▶ **About this task**: The answer must consist of each line below that contains the word "Leather", copied in full.

(Scraped caption text data)
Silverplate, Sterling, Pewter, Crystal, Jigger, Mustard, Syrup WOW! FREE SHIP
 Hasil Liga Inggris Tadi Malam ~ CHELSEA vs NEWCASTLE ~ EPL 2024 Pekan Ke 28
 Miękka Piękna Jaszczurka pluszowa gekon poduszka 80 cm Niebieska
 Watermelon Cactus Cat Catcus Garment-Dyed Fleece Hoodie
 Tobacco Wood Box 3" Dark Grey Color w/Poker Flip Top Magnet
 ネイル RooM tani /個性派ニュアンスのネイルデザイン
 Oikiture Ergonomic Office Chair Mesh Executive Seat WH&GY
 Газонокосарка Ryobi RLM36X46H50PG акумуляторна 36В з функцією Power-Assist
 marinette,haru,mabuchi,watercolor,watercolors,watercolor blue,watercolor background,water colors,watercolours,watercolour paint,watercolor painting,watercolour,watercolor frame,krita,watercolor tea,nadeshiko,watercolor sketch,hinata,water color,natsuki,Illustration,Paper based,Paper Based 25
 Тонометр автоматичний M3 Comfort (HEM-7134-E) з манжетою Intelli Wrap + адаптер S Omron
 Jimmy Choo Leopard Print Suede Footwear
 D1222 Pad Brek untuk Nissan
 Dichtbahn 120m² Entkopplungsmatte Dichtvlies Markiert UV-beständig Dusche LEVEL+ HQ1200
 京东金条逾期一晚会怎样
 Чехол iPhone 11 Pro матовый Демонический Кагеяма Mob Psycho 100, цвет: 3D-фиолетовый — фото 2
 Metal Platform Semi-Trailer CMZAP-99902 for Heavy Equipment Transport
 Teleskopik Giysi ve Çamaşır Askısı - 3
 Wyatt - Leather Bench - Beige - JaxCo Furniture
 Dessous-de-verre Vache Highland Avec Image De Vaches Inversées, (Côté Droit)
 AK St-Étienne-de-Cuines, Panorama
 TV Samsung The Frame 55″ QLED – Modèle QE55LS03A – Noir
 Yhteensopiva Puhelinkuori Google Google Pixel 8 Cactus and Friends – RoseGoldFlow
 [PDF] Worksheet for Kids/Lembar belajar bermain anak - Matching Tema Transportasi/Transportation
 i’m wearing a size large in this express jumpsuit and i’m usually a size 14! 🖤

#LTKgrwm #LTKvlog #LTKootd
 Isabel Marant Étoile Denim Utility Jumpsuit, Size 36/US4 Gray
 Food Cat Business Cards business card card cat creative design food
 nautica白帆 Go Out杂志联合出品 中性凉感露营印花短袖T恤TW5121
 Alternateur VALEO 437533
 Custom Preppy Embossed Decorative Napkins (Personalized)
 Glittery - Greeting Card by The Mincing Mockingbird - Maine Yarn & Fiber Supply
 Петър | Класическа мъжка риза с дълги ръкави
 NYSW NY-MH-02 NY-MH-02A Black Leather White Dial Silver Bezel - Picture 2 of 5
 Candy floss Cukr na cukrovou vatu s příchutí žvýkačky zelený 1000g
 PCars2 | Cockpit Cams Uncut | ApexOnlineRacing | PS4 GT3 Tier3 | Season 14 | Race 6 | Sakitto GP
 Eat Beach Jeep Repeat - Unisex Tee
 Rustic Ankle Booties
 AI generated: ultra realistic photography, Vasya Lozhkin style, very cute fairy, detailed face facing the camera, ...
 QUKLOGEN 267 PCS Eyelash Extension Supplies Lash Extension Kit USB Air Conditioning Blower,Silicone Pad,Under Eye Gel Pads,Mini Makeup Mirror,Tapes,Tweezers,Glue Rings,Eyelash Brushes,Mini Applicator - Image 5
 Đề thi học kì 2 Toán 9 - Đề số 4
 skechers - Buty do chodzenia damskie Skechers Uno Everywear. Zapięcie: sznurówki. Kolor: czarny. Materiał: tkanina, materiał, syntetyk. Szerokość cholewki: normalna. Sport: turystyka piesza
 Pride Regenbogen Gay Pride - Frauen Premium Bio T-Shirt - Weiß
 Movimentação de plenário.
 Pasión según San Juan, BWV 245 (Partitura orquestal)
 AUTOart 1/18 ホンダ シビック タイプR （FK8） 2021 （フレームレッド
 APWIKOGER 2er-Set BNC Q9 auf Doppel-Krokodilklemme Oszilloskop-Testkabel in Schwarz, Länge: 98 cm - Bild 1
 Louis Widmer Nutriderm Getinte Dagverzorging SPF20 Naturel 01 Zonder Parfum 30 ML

▶ **Response to the exercise**:
 Wyatt - Leather Bench - Beige - JaxCo Furniture
 NYSW NY-MH-02 NY-MH-02A Black Leather White Dial Silver Bezel - Picture 2 of 5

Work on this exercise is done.